> > > Kalevi Aho: Violin Concerto, Cello Concerto: Kymi Sinfonietta, Olari Elts
Sonntag, 4. Juni 2023

Kalevi Aho: Violin Concerto, Cello Concerto - Kymi Sinfonietta, Olari Elts

Musikalisch packend, klanglich hochdifferenziert


Label/Verlag: BIS Records
Detailinformationen zum besprochenen Titel


Das jeweils zweite Konzert für Violine und Violoncello aus der Feder des finnischen Tondichters Kalevi Aho – optimal präsentiert von engagierten Interpreten.

Insofern man den Rang eines Komponisten an den Namen der Interpreten, die sich für sein Werk engagieren, festmachen kann, darf der Finne Kalevi Aho zu den größten lebenden Tondichtern überhaupt gezählt werden.
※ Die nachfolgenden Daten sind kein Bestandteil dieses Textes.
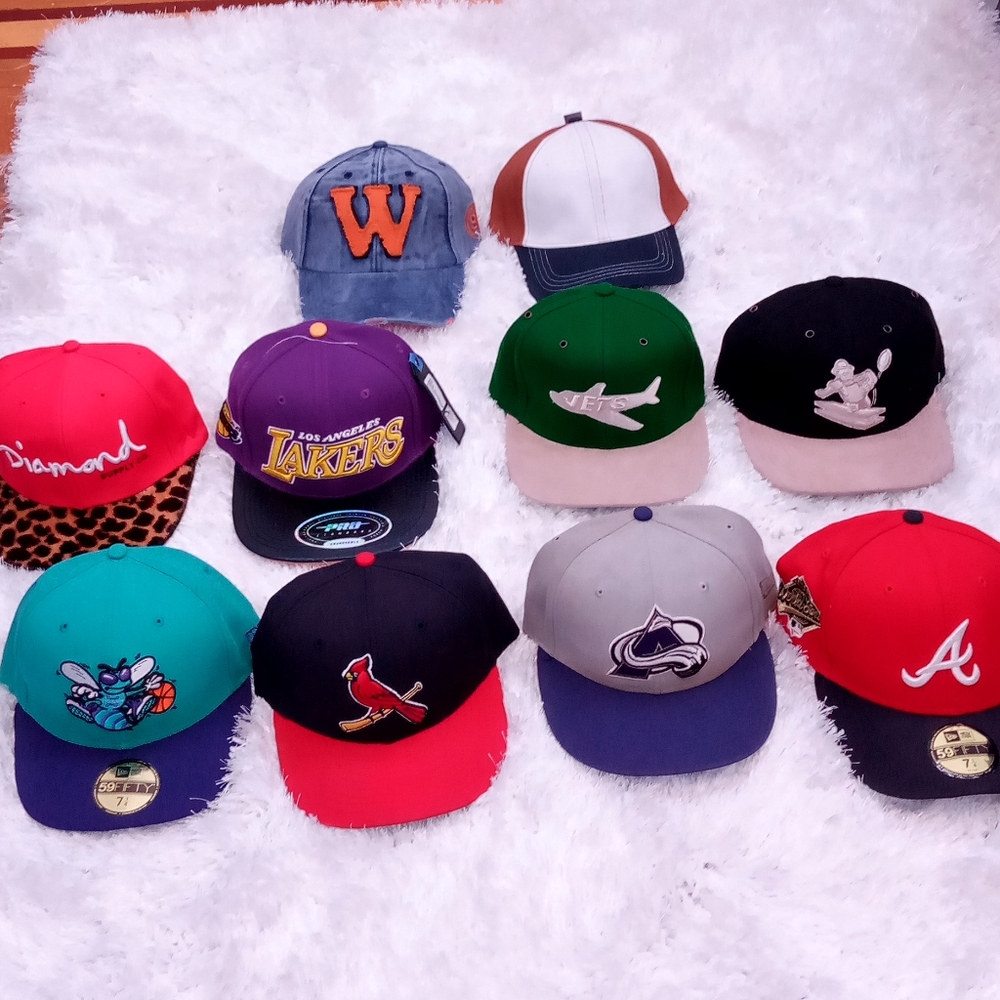 Mixed of hats!! Bundle sale!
Insbesondere die Instrumentalkonzerte Ahos – für praktisch jedes Instrument existiert ein Konzert, für einige auch schon ein zweites – wurden und werden von der internationalen Elite gespielt, darunter die Flötistin Sharon Bezaly, der Klarinettist Martin Fröst und der Oboist Piet Van Bockstal. Ganz so etabliert sind die beiden Interpreten, die sich hier des (jeweils zweiten) Violin- und Violoncellokonzertes annehmen, noch nicht – doch auch die Violinistin Elina Vähälä und der Cellist Jonathan Roozeman besitzen einen klangvollen Namen.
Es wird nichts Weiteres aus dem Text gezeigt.